2014 MT 192
Mont.2014Background
- Edward Ghostbear was charged with felony sexual intercourse without consent (§45-5-503(4), MCA) and alternatively felony sexual assault (§45-5-502(3), MCA) for sexual contact with his girlfriend’s young daughter; a jury convicted him of felony sexual assault.
- Ghostbear moved post-verdict to be sentenced under the misdemeanor penalty (§45-5-502(2)(a), MCA), arguing the felony enhancement in §45-5-502(3) required jury findings of the victim’s and defendant’s ages under Apprendi and §46-1-401, MCA.
- The District Court agreed, concluding the jury had not made the required age findings and that Apprendi required them, and therefore limited sentencing to the misdemeanor penalty.
- The Supreme Court of Montana reversed: it held the jury was properly instructed, the verdict necessarily included the age-related facts, and §45-5-502(3) is part of the charged offense as submitted to the jury (no separate sentencing enhancement remained to be found).

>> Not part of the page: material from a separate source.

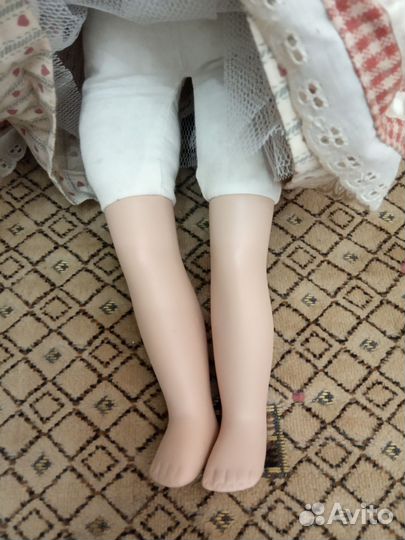 Кукла фарфоровая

- Justice McKinnon (joined by Justice Baker) specially concurred: she agreed Apprendi was satisfied but argued §46-1-401(1)(b) separately requires a unanimous separate jury finding for statutory enhancements; she concluded the omission was harmless because age evidence was uncontroverted.
Issues
| Issue | Plaintiff's Argument | Defendant's Argument | Held |
|---|---|---|---|
| Whether the court may impose the felony penalty under §45-5-502(3) absent a separate jury finding of ages | State: Charge alleged felony under §45-5-502(3); jury was instructed and necessarily found the age facts; Apprendi satisfied so felony sentencing is permissible | Ghostbear: Apprendi and §46-1-401 require jury to make specific age findings before imposing the felony enhancement; absent that, only misdemeanor penalty applies | Reversed: Court held jury instructions and verdict necessarily included the age-related facts, so sentencing under §45-5-502(3) is proper |
| Whether §45-5-502(3) functions as a sentencing enhancement requiring separate treatment under §46-1-401 | State: §45-5-502(3) is part of the charged offense as presented; no separate enhancement remains | Ghostbear: Age-disparity is an enhancement distinct from elements and needs a separate, unanimous jury finding under §46-1-401 | Majority: §45-5-502(3) was the statute under which the defendant was charged and proved; no separate enhancement existed for Apprendi purposes. Concurring view: §46-1-401 treats age as an enhancing fact that should have a separate jury finding but error was harmless here |
| Whether the jury instructions were adequate to satisfy Apprendi (i.e., submit to jury any fact increasing penalty beyond statutory maximum) | State: Instructions defined consent as ineffective due to age and allowed jurors to infer ages from testimony and defendant’s admissions; thus Apprendi satisfied | Ghostbear: Instruction left open that “without consent” could be found on other grounds (lack of agreement), so jury might not have made age findings | Held: Instructions, evidence, and defendant’s admissions made age findings inevitable; Apprendi satisfied |
| Whether failure to obtain a separate statutory finding under §46-1-401 is reversible error or harmless | State: Not argued as reversible; court may proceed to sentencing | Ghostbear: §46-1-401 requires separate jury finding; absence mandates misdemeanor sentence | Concurring: Failure to secure separate §46-1-401 finding is trial error but harmless on this record because age evidence was uncontroverted; majority did not rely on harmless-error analysis |
Key Cases Cited
- Apprendi v. New Jersey, 530 U.S. 466 (statutory max must be based on jury findings except prior convictions)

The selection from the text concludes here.